A summary of:
Szerszynski, B. (2005). Nature, Technology and the Sacred: Religion and Spirituality in the Modern World. Blackwell Publishing: Oxford.
Chapter 3: Nature, Science and the Death of Pan
One of Szeryszynski’s missions is to argue against a functionalist understanding of history; that, for example, “the course of history from the birth of Christianity to modern technology and widespread environmental problems proceeds with an inexorable logic” (31). On the contrary, our world is a confluence of forces which when combined produce results that no one could predict in advance. “I argued,” he writes, “that scientific ideas of nature are a product of the contingent, branching trajectory of the Western sacred, rather than a timeless set of truths which were simply waiting in the wings of history for cultural conditions conducive to their discovery” (51). And this is crucial for debunking the myth of disenchantment, because it’s not as if we have ‘arrived’ at some great climax; we are continuing to evolve… so let’s not be so arrogant to think that we’ve finally got it ‘right.’
Let’s also not celebrate particularly if we have succeeded in murdering Pan, the God of nature! Not that we necessarily have, as the author argues that if Pan is dead at all, he died a very slow death; he was not killed in some epiphanic bolt of lightning. In a weird way, in fact, “the ‘disenchantment of nature’ is also the emergence of nature in the modern sense (see Scott, 2003: 8-16)…. Nature as understood by science thus has its own hidden theology. And the ‘disenchantment’ of nature is thus itself a form of enchantment” (47). So the result, in the end, of the schism between modern science and religion, “constituted an intensification of theological reflection in relation to the natural world” (48). But is this ‘nature’ Pan? Not really: “Modernity is thus constituted by a ‘religion of nature’ that changes both religion and nature” (49).
We may be able to see the death of Pan in the move to a monotheistic sacred, but Szerszynski argues that this is simply “a shift within a larger frame, within what might be called the social or personal understanding of nature” (32). To understand this, we have to grasp that “pre-modern nature is best conceived not as divine but as social (Kelsen, 1946; Descola, 1994; Descola and Pálsson, 1996)” (33).

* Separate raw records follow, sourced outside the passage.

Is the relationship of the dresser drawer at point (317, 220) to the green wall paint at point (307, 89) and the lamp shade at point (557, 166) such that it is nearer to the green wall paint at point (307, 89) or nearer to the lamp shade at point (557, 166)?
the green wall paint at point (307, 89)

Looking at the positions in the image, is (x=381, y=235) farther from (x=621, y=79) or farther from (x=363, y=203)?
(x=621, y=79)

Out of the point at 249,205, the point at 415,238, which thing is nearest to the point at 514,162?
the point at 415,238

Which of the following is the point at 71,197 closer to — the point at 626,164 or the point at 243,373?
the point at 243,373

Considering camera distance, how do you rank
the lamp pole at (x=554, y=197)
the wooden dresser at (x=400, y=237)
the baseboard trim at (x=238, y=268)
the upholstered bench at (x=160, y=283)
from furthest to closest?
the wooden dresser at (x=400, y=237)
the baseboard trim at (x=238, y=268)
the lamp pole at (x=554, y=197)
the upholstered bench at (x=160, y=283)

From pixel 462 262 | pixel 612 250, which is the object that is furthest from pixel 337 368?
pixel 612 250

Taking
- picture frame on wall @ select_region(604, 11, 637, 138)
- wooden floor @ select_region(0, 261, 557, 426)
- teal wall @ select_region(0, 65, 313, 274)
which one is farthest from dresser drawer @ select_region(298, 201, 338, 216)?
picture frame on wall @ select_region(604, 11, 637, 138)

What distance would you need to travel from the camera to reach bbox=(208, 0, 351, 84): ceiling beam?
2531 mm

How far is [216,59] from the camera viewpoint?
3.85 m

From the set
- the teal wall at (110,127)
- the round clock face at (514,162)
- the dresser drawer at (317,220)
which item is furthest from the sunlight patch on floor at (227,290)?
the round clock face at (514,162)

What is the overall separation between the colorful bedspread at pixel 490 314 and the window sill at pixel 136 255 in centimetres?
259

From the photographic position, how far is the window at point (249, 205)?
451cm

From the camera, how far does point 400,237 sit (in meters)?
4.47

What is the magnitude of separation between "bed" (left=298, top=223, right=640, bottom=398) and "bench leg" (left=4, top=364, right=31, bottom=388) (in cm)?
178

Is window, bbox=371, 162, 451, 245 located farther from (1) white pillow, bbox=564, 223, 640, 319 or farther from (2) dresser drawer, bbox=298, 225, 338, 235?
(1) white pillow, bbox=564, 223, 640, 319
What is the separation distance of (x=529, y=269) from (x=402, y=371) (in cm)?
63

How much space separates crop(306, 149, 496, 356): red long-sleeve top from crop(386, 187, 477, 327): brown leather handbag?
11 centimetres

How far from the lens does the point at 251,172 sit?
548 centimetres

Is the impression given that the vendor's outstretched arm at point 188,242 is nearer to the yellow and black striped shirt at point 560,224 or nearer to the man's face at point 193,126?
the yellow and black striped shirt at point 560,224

The author’s central argument is that “the transformation of ideas of nature from pre-modern to modern societies is best understood not as dedivinization, disenchantment or secularization but desocializing or depersonalization” (42). The key is in recognizing that pre-modern societies did not see nature as a “separate category of technological relations distinct form the social and the cultural; they were understood using categories and concepts that today we would largely reserve for social relationships, such as reciprocity, intention, action and meaning” (42). What does this imply for my PhD, then? Can we ever reunite these worlds in our heads? Can we put Humpty Dumpty together again after he has broken to bits? Is this, effectively, the scale of what I’m proposing to do?
I think another important takeaway from this chapter has to do with the evolution of ‘meaning’ in our world. Consider that, “Rather than simply being experienced as a wild realm of blind forces indifferent to humans and their concerns, pre-modern cultures experience the world as an already meaningful dwelling place (Ingold, 2000, part 2)” (34). And, as Wertheim also pointed out, there was a shift somewhere along the line where people found meaning in projecting God’s intent or purpose onto nature: “the language of God as “lawgiver” gave way to the idea that the world was ordered, that there were “laws” to be discovered, which motivated scientists “from Descartes to Newton” to pursue the discovery of those laws as evidence of the mind of God” (44).
How different both must have been compared to now, where we seem to require the manufacturing of meaning, most clearly evidenced by our obsessive consumerism and the ‘progress’ of step-wise technological development.